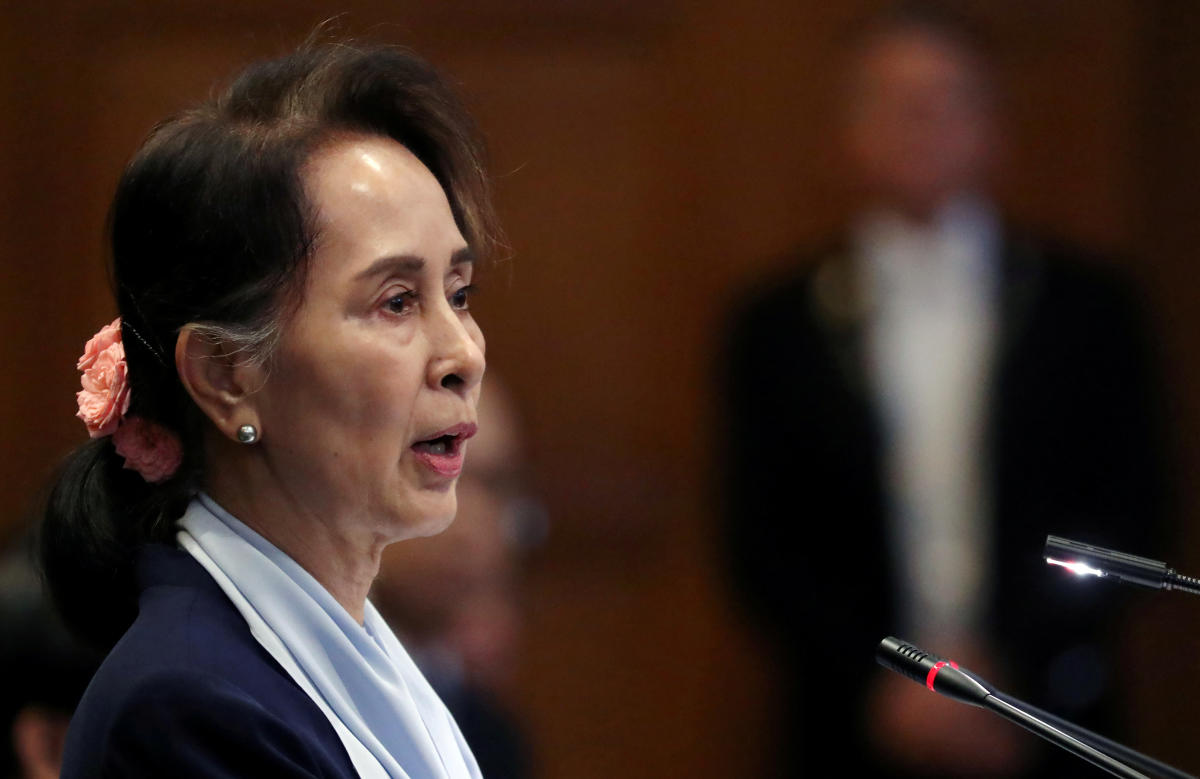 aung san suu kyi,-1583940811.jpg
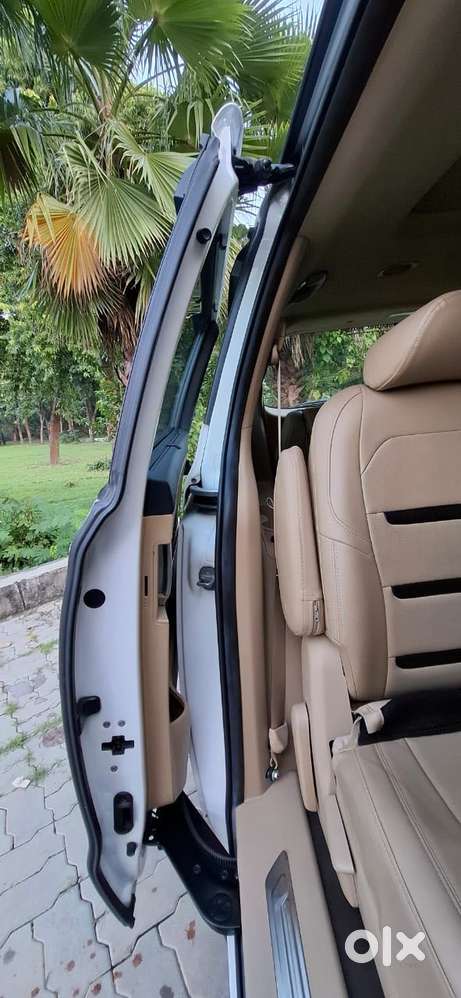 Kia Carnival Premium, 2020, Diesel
...
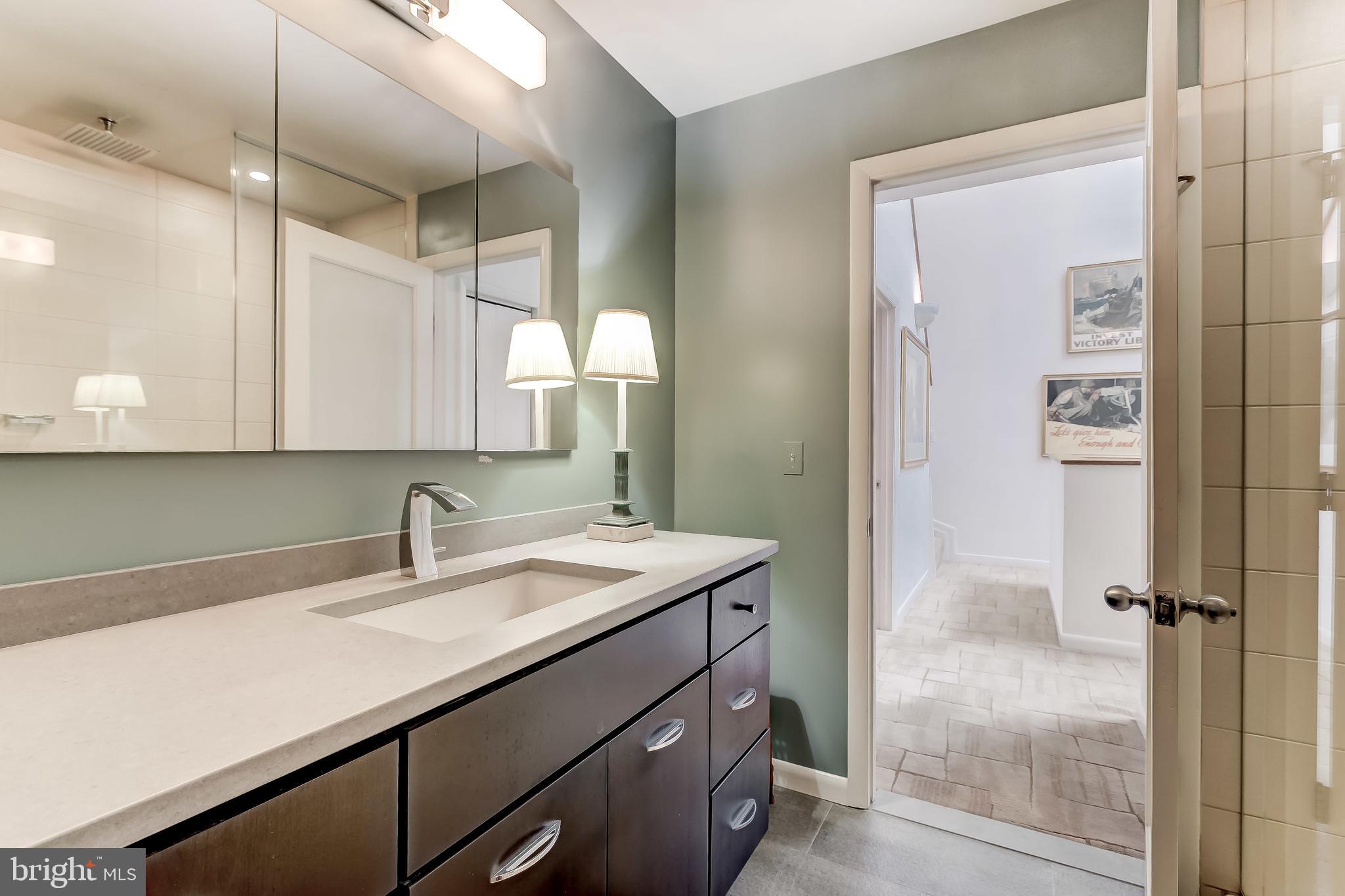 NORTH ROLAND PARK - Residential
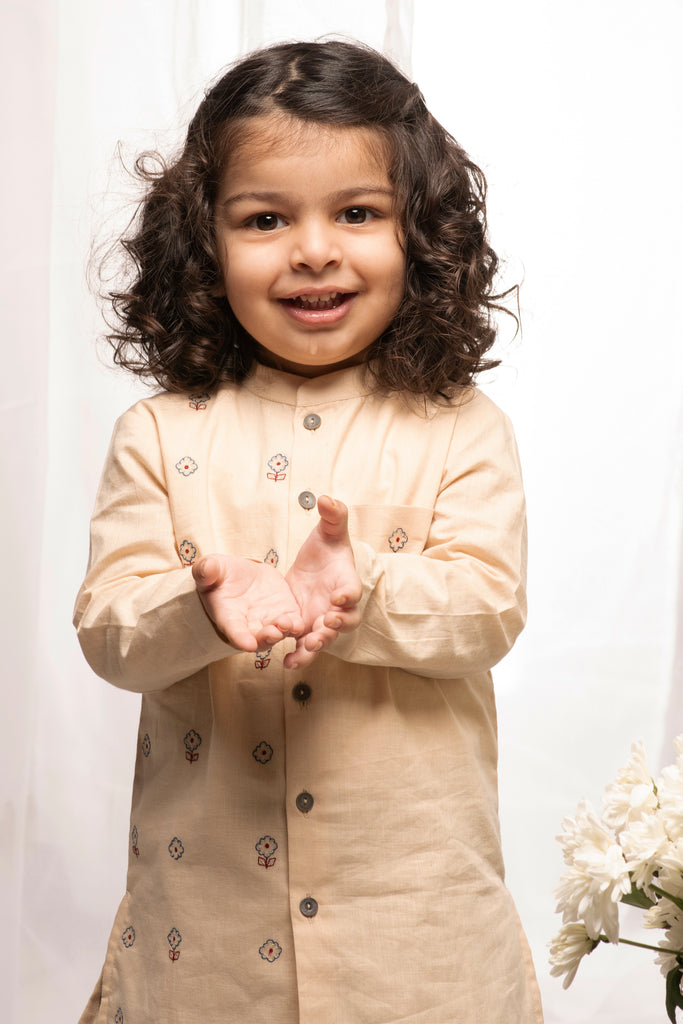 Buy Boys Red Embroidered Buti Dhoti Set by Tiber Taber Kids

- **What is required**
What are the lines above from the one with "NORTH ROLAND PARK - Residential" to the one with "Buy Boys Red", both included? Reproduce them exactly, without pictures.

- **Response below**
 NORTH ROLAND PARK - Residential
 Buy Boys Red Embroidered Buti Dhoti Set by Tiber Taber Kids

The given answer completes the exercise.